Depende do que ele fizer neste ano, mas, pela idade e a fragilidade que ele demonstrou quando Kimi começou a ser mais rápido que ele na metade de 2007 e Alonso fez o mesmo agora, eu só o contrataria se quisesse alguém para somar pontos e não incomodar meu nº 1 (meu Hamilton, Vettel…)
Mas o processo de queimação de imagem pública da Ferrari – o mesmo pelo qual o Kimi passou – está a pleno vapor!
Pois é, a não ser que o Massa se adapte instantaneamente aos Pirelli, a situação dele pode ficar atrelada à eventual aposentadoria do Webber, mais velho, chato e desagragador, nem um pouco mais rápido ou estável mentalmente. Lá na outra ponta, tudo indica que o próximo hot property a ser perseguido pelas equipes é o Kubica. Mas toda essa dança pode render um lugar ao brasileiro até 2013, quando tudo dará reset.
Sei lá.
O que torna tudo mais difícil é que, mesmo se o Massa for bem em 2011 e resgatar seu prestígio, ainda há um elefante na sala chamado Alonso. Não dá para conviver com ele por muito tempo e não é dele que a Ferrari eventualmente irá se desfazer.
Perfeito. Com o Alonso, ou você aceita ser dominado, ou vai ter briga. Não tem meio termo. Ele não sabe ficar na dele.
E ainda teve a citação do Vettel, que já disse sonhar em ir pra Ferrari (o maior ídolo dele é o Schumacher, não podemos esquecer…), como o maior rival em 2011. Sem nenhuma ressalva.
mas vc não acha, que pela ferrari apostar em alonso 1º, já conhecer a capacidade de massa, e não querer briga que quebre a hierarquia (1º/2º), manter massa seria um bom negócio? afinal, parece que a queimação de kimi, tinha mais a ver com encontrar um primeiro piloto?
Por um lado, sim. Por outro, tendo em vista o lado lucrativo do mundial de construtores, eles não podem arcar com um piloto que faz 57% dos pontos do companheiro. Acho que a cobrança é mais para que ele esteja por perto, não que bata Alonso.
EU RI da “característica comum da área geográfica de origem” hahahahahahahaha
É, eu espero que dê muita briga entre Felipe e Alonso (nos bastidores, é claro). Pelo menos assim ele resgataria um pouco da sua imagem…
Mas cá entre nós, Massa já era. Perdeu sua chance na Ferrari em 2008 e não vai conseguir enfrentar Fernando na pista e nem fora dela.
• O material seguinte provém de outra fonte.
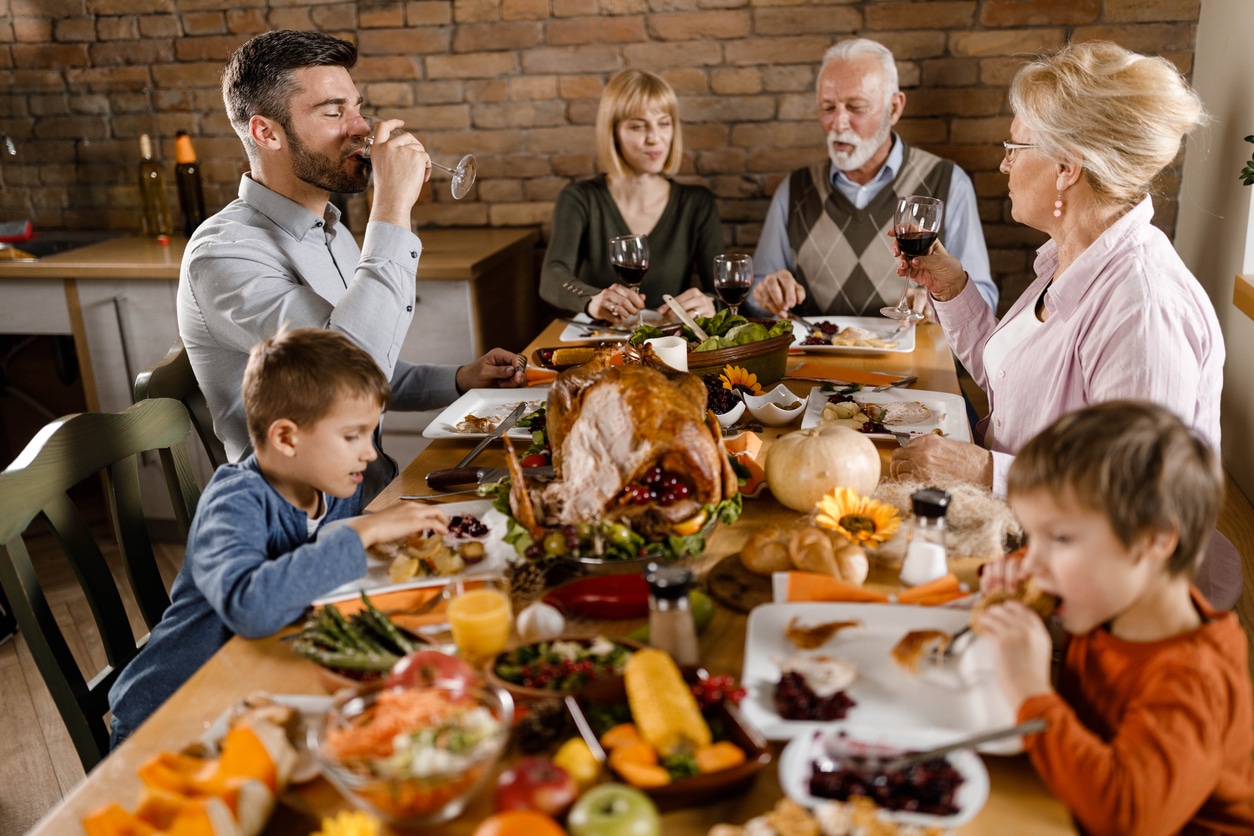 Happy family enjoying Thanksgiving dinner together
É bom que seu empresário converse muito com outras equipes porque seu destino na Ferrari já está traçado.
Quanto à entrevista de Domenicalli, à exceção da era Schumacher/Todt/Brawn, a Ferrari sempre teve ese tipo de gerência frouxa e bagunçada.
Isso também é uma “característica comum da área geográfica de origem”.
É como quando uma mulher tem uma atitude machista, pois quem se apressa a definir alguém pelo país de onde ele vem geralmente é contra essa Ferrari para italianos. Não é por isso que ele é criticado?
Ju, quando vc falou de “área geográfica de origem”, vc pensou em rubens, mas através de seu raciocínio, tive um outro pensamento: talvez não poderia domenicali estar falando do caráter latino (muito emotivo/menos frio, segundo visão européia), hehe!!! (não sei se estou viajando, ou sendo muito inocente). nessa entrevista, acho que stefano foi infeliz em dois pontos: quando enaltece newey, de duas uma, ou joga uma indireta para o projetista, ou joga contra o patrimonio, pois, desqualifica a prata da casa (reconhecer o mérito do concorrente internamente, ok, mas publicamente?); falar sobre desempenho individual publicamente, acho um erro deselegante, afinal, não acrescenta em nada, e cá entre nós, roupa suja, se lava em casa.
Quando li, fiquei pensando “de onde será que ele tirou que brasileiro é chorão?” e me veio a associação com outro ex-Ferrari, mas posso estar viajando. Só não acho que ele se referia ao caráter latino pq o Domenicali é o 1º a refutar isso. Ele sempre faz questão de dizer o quão calmo e centrado é.